[Web page caption snippets]
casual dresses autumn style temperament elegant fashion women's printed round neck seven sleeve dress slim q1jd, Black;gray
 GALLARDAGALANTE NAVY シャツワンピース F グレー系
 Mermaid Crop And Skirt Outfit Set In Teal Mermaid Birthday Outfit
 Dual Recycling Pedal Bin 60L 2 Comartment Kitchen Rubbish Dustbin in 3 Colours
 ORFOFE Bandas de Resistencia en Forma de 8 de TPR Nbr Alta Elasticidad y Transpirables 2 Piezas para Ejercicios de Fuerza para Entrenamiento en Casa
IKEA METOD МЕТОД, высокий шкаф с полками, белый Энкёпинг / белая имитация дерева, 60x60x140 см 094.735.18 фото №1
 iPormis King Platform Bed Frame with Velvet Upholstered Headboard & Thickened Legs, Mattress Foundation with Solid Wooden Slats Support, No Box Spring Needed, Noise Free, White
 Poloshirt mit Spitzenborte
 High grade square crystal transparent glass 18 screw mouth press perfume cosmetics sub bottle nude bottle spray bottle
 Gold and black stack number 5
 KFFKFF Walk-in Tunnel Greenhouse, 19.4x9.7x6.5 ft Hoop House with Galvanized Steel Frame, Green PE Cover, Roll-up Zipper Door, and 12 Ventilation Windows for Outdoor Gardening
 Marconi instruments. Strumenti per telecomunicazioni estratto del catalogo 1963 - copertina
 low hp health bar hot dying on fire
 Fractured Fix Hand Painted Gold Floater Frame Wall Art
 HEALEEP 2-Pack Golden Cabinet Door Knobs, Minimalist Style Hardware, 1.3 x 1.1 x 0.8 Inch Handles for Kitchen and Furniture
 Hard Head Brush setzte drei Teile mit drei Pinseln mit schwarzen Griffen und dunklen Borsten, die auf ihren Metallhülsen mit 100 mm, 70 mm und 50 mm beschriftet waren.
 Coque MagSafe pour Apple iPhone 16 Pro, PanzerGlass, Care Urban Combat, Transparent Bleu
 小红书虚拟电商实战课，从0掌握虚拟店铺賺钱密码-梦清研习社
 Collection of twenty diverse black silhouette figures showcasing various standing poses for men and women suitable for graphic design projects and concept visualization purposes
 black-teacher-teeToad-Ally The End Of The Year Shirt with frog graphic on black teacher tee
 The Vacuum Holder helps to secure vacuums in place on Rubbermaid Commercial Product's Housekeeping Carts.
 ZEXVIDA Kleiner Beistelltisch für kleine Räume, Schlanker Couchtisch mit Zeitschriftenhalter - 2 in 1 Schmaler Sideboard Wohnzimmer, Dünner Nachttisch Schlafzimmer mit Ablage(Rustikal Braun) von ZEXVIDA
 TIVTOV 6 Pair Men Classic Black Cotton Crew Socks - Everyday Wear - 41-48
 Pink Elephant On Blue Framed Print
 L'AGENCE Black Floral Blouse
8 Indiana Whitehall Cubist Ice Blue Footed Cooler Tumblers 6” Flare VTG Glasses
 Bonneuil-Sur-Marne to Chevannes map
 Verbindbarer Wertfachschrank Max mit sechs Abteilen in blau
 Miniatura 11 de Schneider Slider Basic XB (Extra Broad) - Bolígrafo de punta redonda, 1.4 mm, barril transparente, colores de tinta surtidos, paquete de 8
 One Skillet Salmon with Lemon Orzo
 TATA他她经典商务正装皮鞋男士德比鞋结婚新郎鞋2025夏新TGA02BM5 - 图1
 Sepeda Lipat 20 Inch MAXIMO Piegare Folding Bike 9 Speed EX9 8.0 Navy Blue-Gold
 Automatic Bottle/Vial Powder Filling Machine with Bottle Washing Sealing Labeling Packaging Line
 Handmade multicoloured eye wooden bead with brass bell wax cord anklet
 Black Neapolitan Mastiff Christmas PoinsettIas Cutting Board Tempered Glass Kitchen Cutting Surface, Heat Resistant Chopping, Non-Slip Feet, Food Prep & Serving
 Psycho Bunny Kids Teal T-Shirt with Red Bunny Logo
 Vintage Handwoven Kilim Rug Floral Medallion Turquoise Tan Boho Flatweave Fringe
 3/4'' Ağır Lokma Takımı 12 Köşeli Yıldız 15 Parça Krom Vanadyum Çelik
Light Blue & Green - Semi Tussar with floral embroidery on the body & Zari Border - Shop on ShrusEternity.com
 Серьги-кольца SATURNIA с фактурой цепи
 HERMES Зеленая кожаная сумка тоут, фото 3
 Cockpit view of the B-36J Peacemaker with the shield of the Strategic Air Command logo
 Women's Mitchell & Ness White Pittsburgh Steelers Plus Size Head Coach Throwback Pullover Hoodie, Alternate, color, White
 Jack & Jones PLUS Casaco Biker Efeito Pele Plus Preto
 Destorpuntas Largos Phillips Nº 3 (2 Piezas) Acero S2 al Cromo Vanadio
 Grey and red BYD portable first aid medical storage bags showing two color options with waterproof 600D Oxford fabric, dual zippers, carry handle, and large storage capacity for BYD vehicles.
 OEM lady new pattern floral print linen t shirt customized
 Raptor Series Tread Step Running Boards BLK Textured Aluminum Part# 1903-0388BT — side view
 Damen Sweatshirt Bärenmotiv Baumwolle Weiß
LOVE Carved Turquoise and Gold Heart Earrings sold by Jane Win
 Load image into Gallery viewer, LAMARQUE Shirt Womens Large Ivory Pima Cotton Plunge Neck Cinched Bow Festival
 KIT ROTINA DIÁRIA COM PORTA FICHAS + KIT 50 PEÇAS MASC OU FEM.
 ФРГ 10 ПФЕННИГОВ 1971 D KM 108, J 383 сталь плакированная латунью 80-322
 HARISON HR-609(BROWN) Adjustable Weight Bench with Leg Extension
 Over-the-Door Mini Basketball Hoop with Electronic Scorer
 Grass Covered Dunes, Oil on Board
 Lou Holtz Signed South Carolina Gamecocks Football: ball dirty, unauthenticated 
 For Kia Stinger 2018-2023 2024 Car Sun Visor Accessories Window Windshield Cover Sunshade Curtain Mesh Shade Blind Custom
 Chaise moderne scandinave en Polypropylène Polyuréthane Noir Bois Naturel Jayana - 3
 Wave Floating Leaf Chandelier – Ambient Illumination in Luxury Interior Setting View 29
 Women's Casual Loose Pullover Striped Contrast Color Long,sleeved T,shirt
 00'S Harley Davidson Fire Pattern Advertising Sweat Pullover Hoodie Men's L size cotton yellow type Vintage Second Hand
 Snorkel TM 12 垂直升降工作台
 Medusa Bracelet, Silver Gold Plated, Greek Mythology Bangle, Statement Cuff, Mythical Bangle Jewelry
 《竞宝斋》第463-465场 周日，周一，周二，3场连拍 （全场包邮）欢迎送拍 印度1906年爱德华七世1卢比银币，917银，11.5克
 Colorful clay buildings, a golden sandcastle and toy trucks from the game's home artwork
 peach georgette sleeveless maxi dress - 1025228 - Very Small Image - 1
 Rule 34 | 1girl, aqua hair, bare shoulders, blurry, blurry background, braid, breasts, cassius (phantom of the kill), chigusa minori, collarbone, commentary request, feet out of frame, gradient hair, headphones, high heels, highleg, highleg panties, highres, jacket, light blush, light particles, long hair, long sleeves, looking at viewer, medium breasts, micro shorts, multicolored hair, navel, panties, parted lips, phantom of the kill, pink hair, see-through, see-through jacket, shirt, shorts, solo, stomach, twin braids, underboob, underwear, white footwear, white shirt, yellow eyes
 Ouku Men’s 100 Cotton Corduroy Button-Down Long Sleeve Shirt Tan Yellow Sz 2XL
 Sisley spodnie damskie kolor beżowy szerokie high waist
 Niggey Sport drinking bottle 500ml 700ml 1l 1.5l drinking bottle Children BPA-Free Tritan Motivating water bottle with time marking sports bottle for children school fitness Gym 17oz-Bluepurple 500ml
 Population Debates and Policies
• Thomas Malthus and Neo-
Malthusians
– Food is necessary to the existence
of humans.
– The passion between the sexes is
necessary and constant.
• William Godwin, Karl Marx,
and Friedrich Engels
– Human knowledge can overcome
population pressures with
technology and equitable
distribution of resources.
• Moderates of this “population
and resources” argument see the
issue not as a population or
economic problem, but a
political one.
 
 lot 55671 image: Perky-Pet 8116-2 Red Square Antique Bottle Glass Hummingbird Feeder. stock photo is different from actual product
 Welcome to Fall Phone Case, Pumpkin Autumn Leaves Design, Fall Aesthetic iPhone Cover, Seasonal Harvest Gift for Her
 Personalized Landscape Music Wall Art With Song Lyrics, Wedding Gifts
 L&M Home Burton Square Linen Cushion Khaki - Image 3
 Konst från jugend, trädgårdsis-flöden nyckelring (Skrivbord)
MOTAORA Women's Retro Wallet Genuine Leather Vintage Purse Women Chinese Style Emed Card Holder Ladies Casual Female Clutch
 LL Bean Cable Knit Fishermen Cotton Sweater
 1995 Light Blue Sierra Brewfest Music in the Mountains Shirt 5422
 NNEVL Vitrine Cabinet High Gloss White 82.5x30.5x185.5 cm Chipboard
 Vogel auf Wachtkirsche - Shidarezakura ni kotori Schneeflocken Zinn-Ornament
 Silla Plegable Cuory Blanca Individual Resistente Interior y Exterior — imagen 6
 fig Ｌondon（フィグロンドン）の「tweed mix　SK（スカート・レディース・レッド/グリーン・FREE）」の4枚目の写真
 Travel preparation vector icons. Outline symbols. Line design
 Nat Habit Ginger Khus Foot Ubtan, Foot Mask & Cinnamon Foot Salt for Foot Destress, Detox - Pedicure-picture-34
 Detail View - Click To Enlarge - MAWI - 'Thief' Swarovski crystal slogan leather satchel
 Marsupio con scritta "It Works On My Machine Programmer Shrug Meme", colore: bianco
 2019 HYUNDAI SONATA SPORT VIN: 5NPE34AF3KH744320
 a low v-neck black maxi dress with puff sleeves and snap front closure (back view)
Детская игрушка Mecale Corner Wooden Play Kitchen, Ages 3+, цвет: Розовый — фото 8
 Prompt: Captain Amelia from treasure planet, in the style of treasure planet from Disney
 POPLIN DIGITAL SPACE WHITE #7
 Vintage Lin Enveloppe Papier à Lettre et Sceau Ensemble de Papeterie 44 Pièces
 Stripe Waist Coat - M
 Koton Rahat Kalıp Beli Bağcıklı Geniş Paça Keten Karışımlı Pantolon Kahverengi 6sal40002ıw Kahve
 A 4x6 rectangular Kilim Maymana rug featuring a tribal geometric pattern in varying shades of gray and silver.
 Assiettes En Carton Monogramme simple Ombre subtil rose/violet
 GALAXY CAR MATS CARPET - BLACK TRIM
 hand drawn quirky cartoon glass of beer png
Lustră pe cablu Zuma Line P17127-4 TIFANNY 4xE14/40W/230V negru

▶ Goal of the exercise
Give back exactly the lines above starting at the line where "knowledge can overcome" appears and ending at the line where "political one." appears, both included, with no other lines.

▶ Final answer
– Human knowledge can overcome
population pressures with
technology and equitable
distribution of resources.
• Moderates of this “population
and resources” argument see the
issue not as a population or
economic problem, but a
political one.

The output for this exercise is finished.